Saturday, May 17, 2008
Well, I'm not 16 anymore so it wasn't easy--that's why it took so long. Sadly, the kinks aren't out yet, but I'm not getting any younger and if I want to enjoy the benefits of this Cabin Community I realize I'm going to have to hustle it along.
When I was growing up, we still had dial phones and party lines. I was into puberty before we had our first TV. I've had a computer since soon after Windows came on the scene, but I used it like I use my car. I don't need to know what's under the hood in order to get where I'm going. So convincing this computer that it should change its ways and do what I want now, even though I don't know what I want, has been the kind of thing nightmares are made of.
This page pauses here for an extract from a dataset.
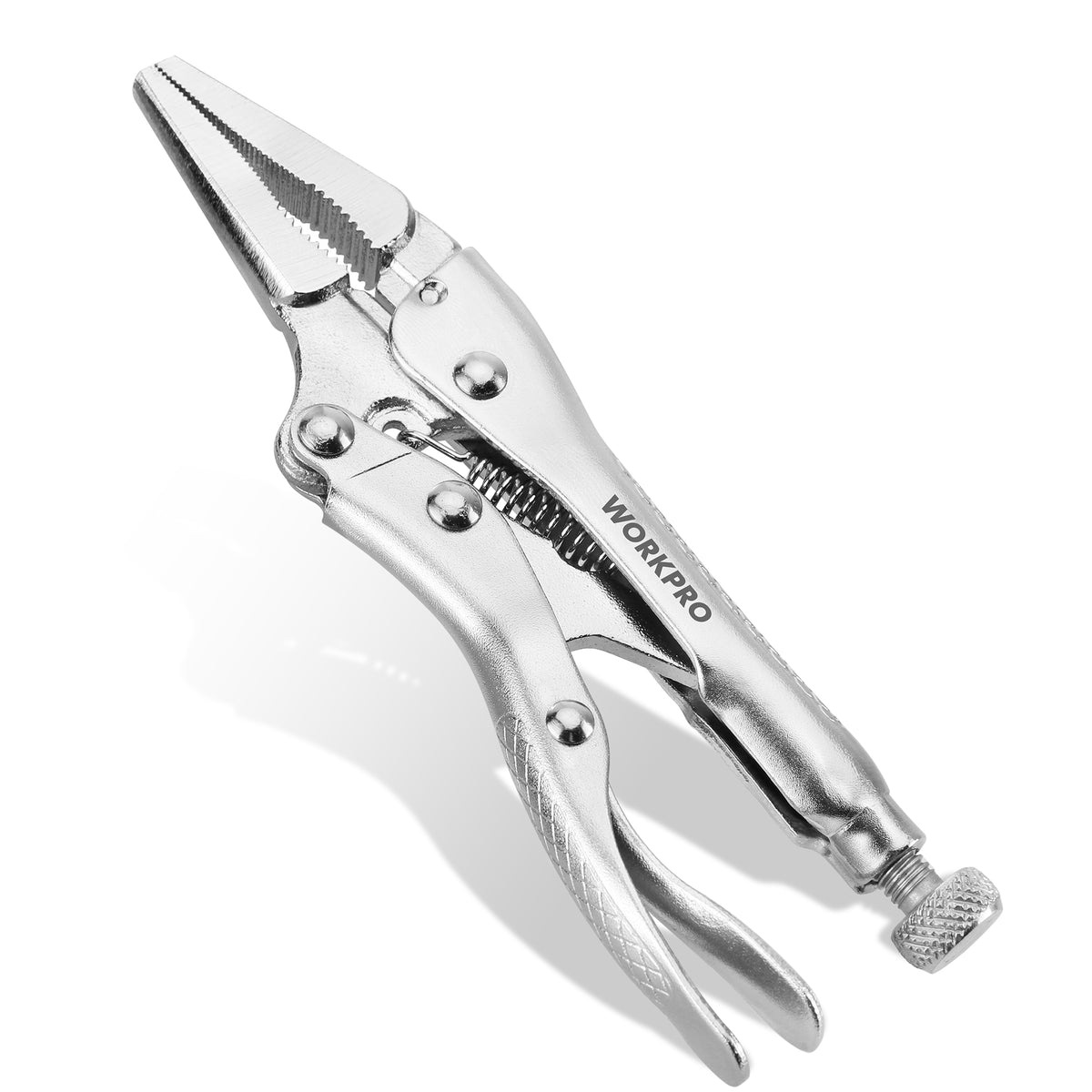 Workpro 4-1/2 inch mini long nose locking pliers in silver with serrated jaws, shown on a white background.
Computers are inherently mean. You have to constantly be figuring out ways to get around that. It takes time.
I was a writer with no particular fame or fortune until we retired and moved from the city to a small cabin in God's Country--Michigan's Upper Peninsula. It's been almost 15 years now, and the honeymoon still isn't over. I love living where I live and I love my cozy little cabin. (The emphasis on little.) But I'm not alone--everyone who is lucky enough to own (or even use) a cabin, camp or cottage feels privileged in some way to be able to be a part of that cabin experience.
Some of us live in our cabins full-time, while others of us feel lucky if we get to use them two or three weeks out of the year. What we have in common is that all of us cherish these places, even though eventually the dawn breaks--along with everything else--and cold reality sets in: Our cabin is a moody, flighty building and nothing more. On its good days, it makes us supremely happy, but on its bad days--look out.
Our idea of "one-upping" is to see who's had it worse this year. We don't try and pretend that all's hunky-dory in the cabin world. Everyone who's ever had one knows that's not so. Things happen, usually in threes, each catastrophe worse than the first.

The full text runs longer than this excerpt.